Brozovic played a decent game against Argentina where he successfully, in cooperation with Rakitic and the defence, stopped Lionel Messi. He is the third best Croatian as per Twelve’s ‘points per minute’ overall rating at the tournament and will be vital in stuffing the midfield with players in order to stop England’s excellent duo Alli and Lingard in their roaming.
This means dropping his ‘extra man in attack’ Andrej Kramaric. He is decent in reading the game and in his off-the-ball movements but he is also a necessary sacrifice for Modric to play in the no.10 role while Mario Mandzukic will most likely lead the line.
He will represent the next key figure on Dalic’s table. The Juventus forward plays as a wide left target man in Turin, but for Croatia he’s attacking through the centre. Since Kieran Trippier will be looking to find space and ball further up the pitch on the right side, Kyle Walker will be exploitable on the right hand side of the back three. Mandzukic could use his aerial ability to cause England real issues and make space for Rebic or Perisic to run in.

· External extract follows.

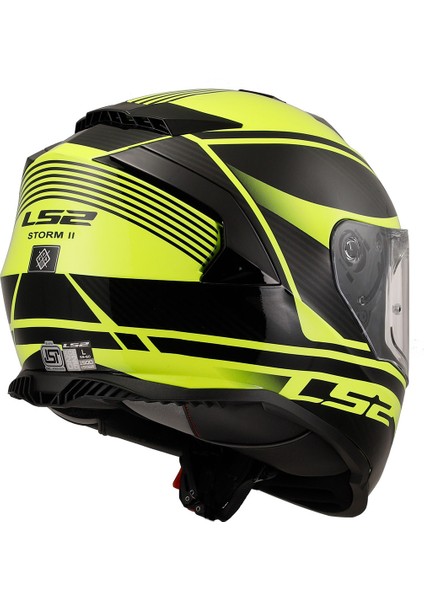 Storm 2 Dodger Mat Siyah-Neon Sarı Kask fiyatları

Shut down Trippier and win the battle of the midfield
When not in possession, Croatia should exploit Alli and Lingard’s natural tendency of moving forward and put pressure on Jordan Henderson, England’s holding midfielder. Modric should exploit the space with his surging runs and incisive passes to the forwards. Both Rebic and Perisic should also fall back and help their fullbacks when they lose possession because England work their attacks through wide areas (and Trippier in particular).
The ‘Bury Beckham’ has had an excellent tournament so far and has been England’s most creative player in Russia creating 3.2 key passes per90 and scores the most attacking points for England as per Twelve’s algorithm. The Croatian wingers should therefore have dual roles: occupy England’s fullbacks, in particular Tottenham’s right back, limit their forays deep into Croatian territory, and offer cover especially for the vulnerable Strinic on the side where Trippier attacks.
Croatia cannot afford to allow England to dictate terms in the midfield and would have to control the tempo of the game. And right now, there is none better in the world than Luka Modric in doing that. He should inspire Croatia again in their most crucial match by winning the midfield battle against Liverpool’s captain.
Get their act together in defending set-pieces
Eight of England’s eleven World Cup goals have come from set-pieces or penalties. Harry Maguire alone won ten aerial duels against a physically strong Swedish team. Furthermore, England are second only to Russia, in winning 59% of their aerial duels. This means England would pose a constant threat from the set-pieces and the Croatian defenders would have to get their act together.
Both Domagoj Vida and Dejan Lovren have been excellent at the centre of Croatia’s defence but they cannot afford to concede an easy goal from the set-pieces like they did against Russia and Denmark. Practicing this part of play must’ve been in the focus of Dalic’s team preparation. If not, they’re in great trouble.